Either way, the change also will have a tremendous effect on the U.S. poultry industry, which now uses almost half the birds grown to make processed chicken products – a market pioneered by McDonald’s.

“We’re a big chicken customer for the industry, so when we make a change in chicken, the world feels it,” Cook said.

Poultry experts say it is a gamble that could backfire.

William “Benji” Mikel, a University of Kentucky professor and a specialist in meat processing and product development, worries that the move could be akin to New Coke, Coca Cola’s failed early `90s relaunch of its popular soft drink.

“I think they probably have a good idea,” he said, “but we, as consumers, we’re a fickle bunch, and there’s an awful lot of product that hits the market every year that never makes it.”

Although consumers often demand healthier options, few fast-food players have made a killing selling more nutritious food, many struggling to wean consumers off a fatty diet that is both affordable and convenient to eat on the go. McDonald’s realizes the risk in making the change, said Cook. But the company has embraced it, given the increasing demand for chicken products and changing consumer tastes. It says the switch is supported through extensive consumer tests, both in labs and restaurants, over the past six months.

“Chicken is the fastest growing category in terms of how people eat, and it’s also the largest. Chicken is very, very important to us, as beef is,” Cook said. “It’s clear now that consumers prefer white meat, so we started to work on how we might evolve the McNugget to a situation where it is now all white meat.”

Consumers still will be able to get the same number of McNuggets for the same price, but the new all-white-meat version weighs 16 grams once cooked, 2 grams less, or 11 percent lighter, than the current family favorite.

However, McDonald’s said the change is not a ploy to make more money on each McNugget.

“Our cost per nugget is higher. White meat costs more than dark meat,” Cook said.

And as demand for breast meat increases, other less powerful chicken buyers might look to change to using more dark meat.

“You may see some other people using cheaper cuts for their products because they can’t compete with a McDonald’s,” Mikel said. “There’s no doubt such a change will have a huge impact on the industry, which can’t simply just ramp up production.”

In addition to reassuring advertising for the new McNugget, the relaunch will be accompanied by new packaging and marketing to highlight the nutritious value of eating all-white-meat McNuggets, the company said.

McDonald’s representatives said they have been contemplating a switch for years, denying that current concern over fast rising rates of obesity is driving the change.
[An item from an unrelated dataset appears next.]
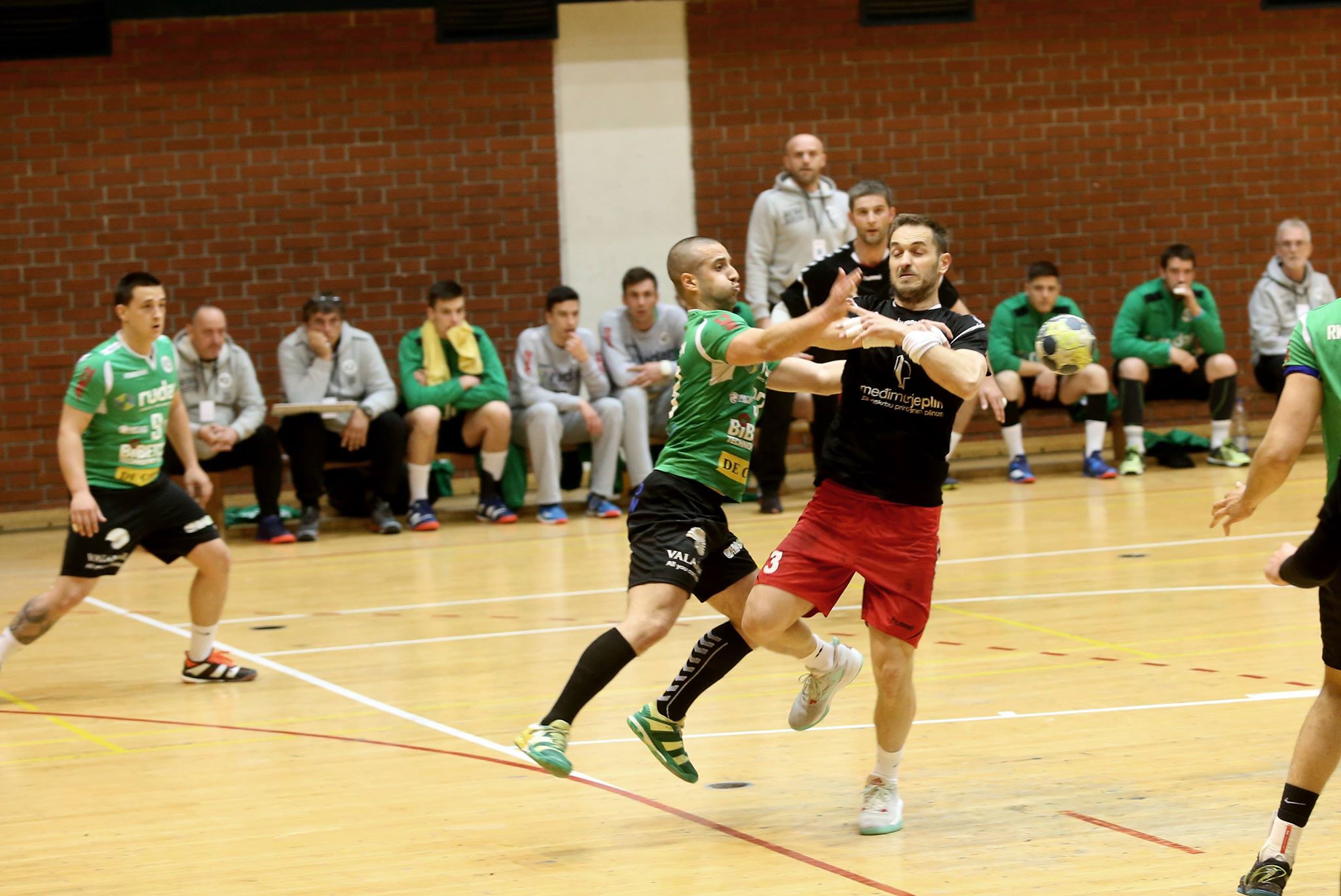 526fa69514053e49b7f7c750b0eec855.jpg?v=6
However, the launch is well-timed for McDonald’s, which recently has come under especially harsh criticism on the healthiness of its food.

The company this year secured the dismissal of a high-profile lawsuit in New York that accused McDonald’s food of causing obesity in two children, but not before the judge opined that McNuggets were a “McFrankenstein creation of various elements not utilized by the home cook.”

In an early judgment in the case, the judge listed 30 or 40 ingredients other than chicken, highlighting the fact that McNuggets were far fattier than burgers, and he questioned whether consumers really knew about the manufactured nature of the product.

The new six-piece, all-white-meat McNugget meal will contain 260 calories, down from 310. With 16 grams of fat per six-piece serving, the new version shaves a fifth of the worrisome fat from the meal.

Whatever the case, for most of the millions of kids who munch on McNuggets, the bottom line is maintaining the familiar taste, a fact McDonald’s is acutely aware of.

“That was basically the essence of our testing, so we focused on making that right,” said Cook. “Kids don’t like change. We don’t want to disappoint any of our customers, especially our youngest customers.”